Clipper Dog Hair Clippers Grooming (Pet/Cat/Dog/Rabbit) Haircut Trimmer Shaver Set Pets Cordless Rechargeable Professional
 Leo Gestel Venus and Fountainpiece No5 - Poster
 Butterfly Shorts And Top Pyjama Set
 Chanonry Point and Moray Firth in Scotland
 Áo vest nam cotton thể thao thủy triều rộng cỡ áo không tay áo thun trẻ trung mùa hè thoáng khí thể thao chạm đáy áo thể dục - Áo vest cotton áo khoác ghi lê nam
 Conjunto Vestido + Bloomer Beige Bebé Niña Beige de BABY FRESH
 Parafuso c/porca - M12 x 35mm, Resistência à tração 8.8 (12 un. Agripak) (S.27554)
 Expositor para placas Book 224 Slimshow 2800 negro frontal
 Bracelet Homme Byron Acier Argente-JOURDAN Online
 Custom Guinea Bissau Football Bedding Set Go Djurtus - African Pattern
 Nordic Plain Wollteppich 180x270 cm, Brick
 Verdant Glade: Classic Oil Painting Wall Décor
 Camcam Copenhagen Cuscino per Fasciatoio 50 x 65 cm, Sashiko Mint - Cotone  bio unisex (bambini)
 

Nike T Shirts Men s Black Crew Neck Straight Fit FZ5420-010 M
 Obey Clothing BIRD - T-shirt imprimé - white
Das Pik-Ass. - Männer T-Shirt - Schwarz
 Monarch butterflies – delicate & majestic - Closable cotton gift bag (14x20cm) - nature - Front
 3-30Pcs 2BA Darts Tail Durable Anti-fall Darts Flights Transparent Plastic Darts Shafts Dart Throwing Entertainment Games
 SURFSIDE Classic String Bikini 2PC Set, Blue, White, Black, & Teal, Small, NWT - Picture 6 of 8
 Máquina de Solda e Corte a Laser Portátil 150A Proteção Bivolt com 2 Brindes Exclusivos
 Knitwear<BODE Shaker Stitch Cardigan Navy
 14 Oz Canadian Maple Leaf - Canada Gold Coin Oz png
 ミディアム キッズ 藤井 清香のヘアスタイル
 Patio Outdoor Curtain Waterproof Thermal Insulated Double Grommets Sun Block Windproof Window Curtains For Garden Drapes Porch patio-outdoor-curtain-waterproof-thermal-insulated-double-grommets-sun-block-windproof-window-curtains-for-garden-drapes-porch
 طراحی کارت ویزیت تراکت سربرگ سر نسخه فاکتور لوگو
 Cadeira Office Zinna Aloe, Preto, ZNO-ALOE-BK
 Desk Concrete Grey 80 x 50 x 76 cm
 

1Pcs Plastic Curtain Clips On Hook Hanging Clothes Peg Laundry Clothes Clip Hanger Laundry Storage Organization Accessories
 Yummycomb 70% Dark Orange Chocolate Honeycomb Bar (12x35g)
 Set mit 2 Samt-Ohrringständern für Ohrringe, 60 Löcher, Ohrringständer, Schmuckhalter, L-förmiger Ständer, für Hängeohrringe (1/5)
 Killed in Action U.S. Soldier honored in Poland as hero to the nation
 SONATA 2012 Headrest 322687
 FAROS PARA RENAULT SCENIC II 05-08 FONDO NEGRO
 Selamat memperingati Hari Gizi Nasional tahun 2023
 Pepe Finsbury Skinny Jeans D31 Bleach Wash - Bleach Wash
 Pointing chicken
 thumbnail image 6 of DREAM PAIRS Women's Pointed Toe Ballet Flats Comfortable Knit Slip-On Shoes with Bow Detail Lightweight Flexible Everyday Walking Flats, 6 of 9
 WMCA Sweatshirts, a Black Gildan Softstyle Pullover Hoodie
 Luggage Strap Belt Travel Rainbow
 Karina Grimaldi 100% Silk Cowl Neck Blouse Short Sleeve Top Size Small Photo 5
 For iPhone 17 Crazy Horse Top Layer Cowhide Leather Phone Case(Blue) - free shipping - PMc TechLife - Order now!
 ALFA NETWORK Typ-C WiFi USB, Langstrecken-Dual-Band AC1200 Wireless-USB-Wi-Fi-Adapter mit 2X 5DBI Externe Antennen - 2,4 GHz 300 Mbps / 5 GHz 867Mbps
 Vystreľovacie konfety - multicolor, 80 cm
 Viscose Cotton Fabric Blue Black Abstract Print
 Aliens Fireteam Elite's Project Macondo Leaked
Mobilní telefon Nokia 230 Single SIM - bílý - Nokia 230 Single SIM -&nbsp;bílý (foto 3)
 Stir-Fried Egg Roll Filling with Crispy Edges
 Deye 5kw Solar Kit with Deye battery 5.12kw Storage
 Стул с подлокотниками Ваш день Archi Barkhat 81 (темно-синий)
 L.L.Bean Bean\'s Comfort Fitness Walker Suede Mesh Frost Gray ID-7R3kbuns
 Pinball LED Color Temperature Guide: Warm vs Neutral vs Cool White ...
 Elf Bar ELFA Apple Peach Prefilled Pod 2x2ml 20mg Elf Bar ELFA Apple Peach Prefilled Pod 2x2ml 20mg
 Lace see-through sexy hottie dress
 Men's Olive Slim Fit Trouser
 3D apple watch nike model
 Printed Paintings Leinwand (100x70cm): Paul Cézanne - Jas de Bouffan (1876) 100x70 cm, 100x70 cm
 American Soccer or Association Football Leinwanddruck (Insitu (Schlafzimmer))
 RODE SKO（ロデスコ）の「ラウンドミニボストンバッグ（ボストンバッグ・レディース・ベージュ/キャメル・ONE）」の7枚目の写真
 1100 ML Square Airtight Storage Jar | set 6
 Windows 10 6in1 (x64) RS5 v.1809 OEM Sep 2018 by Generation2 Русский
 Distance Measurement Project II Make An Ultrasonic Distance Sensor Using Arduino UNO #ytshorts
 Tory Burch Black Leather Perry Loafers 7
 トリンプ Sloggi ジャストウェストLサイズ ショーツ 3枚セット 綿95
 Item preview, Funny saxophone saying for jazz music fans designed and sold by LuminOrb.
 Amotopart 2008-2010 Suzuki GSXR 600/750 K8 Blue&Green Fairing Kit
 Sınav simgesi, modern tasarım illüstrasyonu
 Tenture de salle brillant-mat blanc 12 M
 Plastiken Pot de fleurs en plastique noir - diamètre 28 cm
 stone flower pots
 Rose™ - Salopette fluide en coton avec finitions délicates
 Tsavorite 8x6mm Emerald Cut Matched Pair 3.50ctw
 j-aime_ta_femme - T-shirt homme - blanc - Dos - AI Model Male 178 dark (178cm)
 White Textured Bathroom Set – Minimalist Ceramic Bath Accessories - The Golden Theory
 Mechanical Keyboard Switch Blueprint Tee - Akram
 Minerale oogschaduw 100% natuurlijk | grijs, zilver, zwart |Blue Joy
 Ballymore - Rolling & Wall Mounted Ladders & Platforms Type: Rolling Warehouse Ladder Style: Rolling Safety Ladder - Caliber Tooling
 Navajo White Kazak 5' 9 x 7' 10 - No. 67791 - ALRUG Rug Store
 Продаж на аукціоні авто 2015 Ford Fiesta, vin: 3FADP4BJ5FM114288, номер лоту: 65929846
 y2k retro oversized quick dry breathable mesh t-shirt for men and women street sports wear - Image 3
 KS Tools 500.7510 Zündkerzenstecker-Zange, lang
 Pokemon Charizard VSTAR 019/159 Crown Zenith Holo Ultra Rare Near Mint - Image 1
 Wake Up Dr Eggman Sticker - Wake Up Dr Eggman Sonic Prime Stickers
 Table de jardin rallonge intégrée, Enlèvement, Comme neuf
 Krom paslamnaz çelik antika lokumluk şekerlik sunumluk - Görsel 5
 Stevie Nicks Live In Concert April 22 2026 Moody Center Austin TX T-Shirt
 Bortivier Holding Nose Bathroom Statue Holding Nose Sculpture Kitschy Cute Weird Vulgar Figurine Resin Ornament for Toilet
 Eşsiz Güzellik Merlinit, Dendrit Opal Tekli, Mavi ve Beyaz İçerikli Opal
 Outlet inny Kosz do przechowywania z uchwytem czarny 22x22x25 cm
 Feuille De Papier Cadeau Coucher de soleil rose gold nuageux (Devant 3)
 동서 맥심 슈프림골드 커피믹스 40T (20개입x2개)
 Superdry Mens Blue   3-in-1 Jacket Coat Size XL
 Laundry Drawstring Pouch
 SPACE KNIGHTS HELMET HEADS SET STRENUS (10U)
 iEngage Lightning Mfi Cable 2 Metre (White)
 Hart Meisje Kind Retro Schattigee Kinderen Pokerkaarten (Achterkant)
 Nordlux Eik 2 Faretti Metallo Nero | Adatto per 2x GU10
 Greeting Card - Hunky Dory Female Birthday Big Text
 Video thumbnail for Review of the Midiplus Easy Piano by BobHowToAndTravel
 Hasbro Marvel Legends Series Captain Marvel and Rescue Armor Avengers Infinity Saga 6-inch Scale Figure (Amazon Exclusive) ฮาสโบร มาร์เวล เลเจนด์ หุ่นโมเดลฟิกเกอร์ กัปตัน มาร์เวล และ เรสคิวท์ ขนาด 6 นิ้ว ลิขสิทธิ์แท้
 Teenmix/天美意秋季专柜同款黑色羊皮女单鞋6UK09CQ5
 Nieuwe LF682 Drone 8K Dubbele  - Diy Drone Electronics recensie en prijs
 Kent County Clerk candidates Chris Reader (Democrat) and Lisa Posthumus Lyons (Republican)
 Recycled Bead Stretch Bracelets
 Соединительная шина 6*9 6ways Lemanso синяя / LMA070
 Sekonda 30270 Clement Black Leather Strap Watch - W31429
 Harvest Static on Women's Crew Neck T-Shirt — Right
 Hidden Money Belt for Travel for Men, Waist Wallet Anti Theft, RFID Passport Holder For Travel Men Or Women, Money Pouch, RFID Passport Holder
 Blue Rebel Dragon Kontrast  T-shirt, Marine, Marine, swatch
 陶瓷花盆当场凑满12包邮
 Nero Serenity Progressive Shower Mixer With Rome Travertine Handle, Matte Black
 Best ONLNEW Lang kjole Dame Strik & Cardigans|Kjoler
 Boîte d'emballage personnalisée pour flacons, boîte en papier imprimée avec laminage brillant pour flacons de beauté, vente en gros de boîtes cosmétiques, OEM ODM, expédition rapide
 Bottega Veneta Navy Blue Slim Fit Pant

━━━━━━━━━━━━━━━━━━━━

▸ **Task**
Where the data above reaches the line holding "SPACE KNIGHTS HELMET HEADS SET STRENUS (10U)", begin printing, and stop after the line holding "Greeting Card - Hunky". Each line must be reproduced exactly, with nothing else added.

▸ **Answer section**
 SPACE KNIGHTS HELMET HEADS SET STRENUS (10U)
 iEngage Lightning Mfi Cable 2 Metre (White)
 Hart Meisje Kind Retro Schattigee Kinderen Pokerkaarten (Achterkant)
 Nordlux Eik 2 Faretti Metallo Nero | Adatto per 2x GU10
 Greeting Card - Hunky Dory Female Birthday Big Text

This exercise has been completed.